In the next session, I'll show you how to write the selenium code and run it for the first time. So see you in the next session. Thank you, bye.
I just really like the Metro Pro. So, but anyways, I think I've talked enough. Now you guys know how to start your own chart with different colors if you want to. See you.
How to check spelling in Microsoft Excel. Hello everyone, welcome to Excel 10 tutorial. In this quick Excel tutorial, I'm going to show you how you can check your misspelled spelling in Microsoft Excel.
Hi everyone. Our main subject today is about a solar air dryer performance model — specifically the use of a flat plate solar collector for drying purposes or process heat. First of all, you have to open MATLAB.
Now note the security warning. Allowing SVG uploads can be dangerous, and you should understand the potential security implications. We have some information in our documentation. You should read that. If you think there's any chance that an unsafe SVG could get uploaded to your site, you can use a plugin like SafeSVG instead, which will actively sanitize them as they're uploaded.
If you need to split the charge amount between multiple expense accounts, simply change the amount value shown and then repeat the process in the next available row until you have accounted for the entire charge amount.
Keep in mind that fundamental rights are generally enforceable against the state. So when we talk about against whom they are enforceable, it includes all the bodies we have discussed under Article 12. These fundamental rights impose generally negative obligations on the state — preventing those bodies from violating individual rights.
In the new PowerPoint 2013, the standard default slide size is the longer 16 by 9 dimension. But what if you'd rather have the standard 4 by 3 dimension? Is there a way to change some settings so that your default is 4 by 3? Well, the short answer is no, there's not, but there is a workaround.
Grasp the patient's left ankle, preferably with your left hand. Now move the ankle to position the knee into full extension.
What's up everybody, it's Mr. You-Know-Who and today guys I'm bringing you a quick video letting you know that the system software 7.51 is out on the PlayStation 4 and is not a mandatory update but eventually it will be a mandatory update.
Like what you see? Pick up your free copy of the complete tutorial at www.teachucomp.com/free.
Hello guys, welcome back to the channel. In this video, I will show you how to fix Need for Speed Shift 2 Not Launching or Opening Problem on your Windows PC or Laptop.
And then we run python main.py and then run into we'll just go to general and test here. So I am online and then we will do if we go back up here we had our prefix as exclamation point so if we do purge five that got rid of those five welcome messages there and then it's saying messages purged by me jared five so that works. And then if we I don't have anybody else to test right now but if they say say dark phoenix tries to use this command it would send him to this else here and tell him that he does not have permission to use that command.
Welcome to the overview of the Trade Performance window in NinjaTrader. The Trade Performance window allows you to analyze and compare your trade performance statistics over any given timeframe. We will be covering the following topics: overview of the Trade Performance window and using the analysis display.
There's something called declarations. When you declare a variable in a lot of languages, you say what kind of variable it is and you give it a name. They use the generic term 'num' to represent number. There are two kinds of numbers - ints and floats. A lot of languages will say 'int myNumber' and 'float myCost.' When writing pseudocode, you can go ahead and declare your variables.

_WHAT TO WORK ON_.
Which lines of the records above contain the word "today"? Report each one in full.

_RESPONSE TO THIS EXERCISE_.
Hi everyone. Our main subject today is about a solar air dryer performance model — specifically the use of a flat plate solar collector for drying purposes or process heat. First of all, you have to open MATLAB.
What's up everybody, it's Mr. You-Know-Who and today guys I'm bringing you a quick video letting you know that the system software 7.51 is out on the PlayStation 4 and is not a mandatory update but eventually it will be a mandatory update.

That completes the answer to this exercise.